There are some limitations of this review, which influence the interpretation of its outcomes. First, there is a large variety of preference methods in the literature, and several categorizations of those preference methods exist. In this review, we chose to use the nomenclature of Carson and Louviere [10] to frame the preference methods. However, this is not a universally accepted nomenclature.

Second, the methods were characterized according to their cognitive and practical difficulties. However, no publications that compared different methods on the basis of those characteristics were found. In any case, both characteristics depend on how they are used in specific studies. The cognitive complexity of BCE and MCE, for example, is significantly affected by an increase in the number of attributes [69]. Therefore, a clear categorization depends on one’s own evaluation and opinion.

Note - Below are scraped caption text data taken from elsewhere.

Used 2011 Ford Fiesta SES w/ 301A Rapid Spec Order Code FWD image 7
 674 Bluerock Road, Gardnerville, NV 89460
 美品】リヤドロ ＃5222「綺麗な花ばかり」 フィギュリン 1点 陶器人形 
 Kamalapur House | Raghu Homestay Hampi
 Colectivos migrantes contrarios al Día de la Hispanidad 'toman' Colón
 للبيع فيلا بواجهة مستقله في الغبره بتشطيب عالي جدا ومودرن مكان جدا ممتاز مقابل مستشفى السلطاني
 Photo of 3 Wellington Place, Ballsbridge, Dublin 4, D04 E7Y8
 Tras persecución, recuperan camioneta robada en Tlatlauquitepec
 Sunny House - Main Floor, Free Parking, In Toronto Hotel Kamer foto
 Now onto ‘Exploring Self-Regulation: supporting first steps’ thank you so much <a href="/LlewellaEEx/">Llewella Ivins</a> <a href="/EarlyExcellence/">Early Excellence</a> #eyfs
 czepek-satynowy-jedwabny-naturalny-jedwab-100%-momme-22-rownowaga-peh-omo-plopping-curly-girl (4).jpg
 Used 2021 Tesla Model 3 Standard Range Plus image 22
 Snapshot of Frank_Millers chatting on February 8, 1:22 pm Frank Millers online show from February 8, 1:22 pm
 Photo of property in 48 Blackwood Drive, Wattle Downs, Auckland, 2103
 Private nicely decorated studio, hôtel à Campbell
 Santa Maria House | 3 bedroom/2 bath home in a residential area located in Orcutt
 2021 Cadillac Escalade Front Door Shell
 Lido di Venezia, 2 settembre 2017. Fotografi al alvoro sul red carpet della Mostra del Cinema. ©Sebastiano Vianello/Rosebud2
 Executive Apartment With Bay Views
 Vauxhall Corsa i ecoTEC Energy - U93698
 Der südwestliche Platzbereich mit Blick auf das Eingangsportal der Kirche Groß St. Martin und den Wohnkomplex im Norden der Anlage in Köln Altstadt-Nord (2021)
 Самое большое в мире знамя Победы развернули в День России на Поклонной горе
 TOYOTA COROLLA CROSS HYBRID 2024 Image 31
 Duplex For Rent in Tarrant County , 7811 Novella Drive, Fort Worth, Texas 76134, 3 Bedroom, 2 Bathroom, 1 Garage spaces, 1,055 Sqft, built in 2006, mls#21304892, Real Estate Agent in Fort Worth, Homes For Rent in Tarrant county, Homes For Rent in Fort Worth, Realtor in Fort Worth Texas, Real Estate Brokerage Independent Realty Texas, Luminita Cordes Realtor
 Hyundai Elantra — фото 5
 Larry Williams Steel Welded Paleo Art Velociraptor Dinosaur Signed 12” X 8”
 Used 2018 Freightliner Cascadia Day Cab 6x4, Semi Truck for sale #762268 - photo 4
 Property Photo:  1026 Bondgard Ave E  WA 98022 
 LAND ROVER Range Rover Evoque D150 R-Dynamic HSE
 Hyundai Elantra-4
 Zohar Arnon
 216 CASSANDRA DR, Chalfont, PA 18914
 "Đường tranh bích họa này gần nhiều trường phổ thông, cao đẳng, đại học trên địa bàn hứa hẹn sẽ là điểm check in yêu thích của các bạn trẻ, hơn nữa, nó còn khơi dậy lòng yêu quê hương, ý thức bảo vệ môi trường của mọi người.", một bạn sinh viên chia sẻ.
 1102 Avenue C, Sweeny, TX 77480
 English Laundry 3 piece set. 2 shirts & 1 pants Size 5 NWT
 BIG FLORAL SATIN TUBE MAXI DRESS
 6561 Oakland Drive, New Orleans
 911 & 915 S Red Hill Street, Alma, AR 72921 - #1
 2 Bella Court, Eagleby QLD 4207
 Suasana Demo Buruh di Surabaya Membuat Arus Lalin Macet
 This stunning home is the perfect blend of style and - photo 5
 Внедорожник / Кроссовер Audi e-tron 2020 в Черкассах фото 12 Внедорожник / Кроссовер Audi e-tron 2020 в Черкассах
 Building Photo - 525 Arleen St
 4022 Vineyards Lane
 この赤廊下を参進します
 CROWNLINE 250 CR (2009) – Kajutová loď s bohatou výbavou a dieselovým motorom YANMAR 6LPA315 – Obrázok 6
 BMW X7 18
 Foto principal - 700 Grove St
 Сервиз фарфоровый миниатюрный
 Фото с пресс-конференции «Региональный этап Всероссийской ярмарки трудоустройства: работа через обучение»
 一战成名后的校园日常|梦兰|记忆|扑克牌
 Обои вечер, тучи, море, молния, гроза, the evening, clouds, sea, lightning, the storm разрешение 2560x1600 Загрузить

Third, as with any systematic review, the search terms and selection process influenced which studies were included. Earlier reviews differed with regard to their search terms or explicitly used the name of the preference method in the search terms. The current review found that only DCEs were used to inform BRA, but Hauber et al. [15] stated that benefit–risk preferences can also be measured through direct elicitation methods (rating scale, threshold technique and SG). However, in agreement with the results of this article, they also stated that DCEs are better tailored to estimate benefit–risk preference weights for multiple outcomes simultaneously.

5 Conclusion

We identified studies that actually only used their results in practice in the CDM context—for example, for development of a decision aid [33, 70, 71]. In most articles, explicit or implicit statements made by the authors referred to just an intended use of the results. In the current state of the art, there is mainly a methodology push; no empirical studies of use of preferences to support decisions in BRA/HTA have been published. The importance of the patient’s view when making clinical decisions was acknowledged a long time ago. Healthcare is increasingly concerned with the desires of patients, and patients are encouraged to participate in decision making. This awareness of patient centredness facilitates the use of patient preferences in the clinical context. Preferences regarding health outcomes, and thus the value of outcomes to the patient and society, are also of increasing importance in other decision contexts. Currently, BRA and HTA agencies have established procedures for evaluating (new) health innovations. Inclusion of patient preferences would provide an extra source of evidence for the existing value dossier required for drug approval or reimbursement. Yet, this would require agencies to adapt their procedures to determine how patient preferences can best be measured and how they will fit into this process. Therefore, it is necessary to establish which method best fits the context demands. However, this review indicates a tension between the need to underpin methodological preferences and the cognitive and practical difficulties that come with those preference methods. No method exists that has a low cognitive burden and strong methodological underpinnings and that can, at the same time, deliver enough and adequate information to support the decision.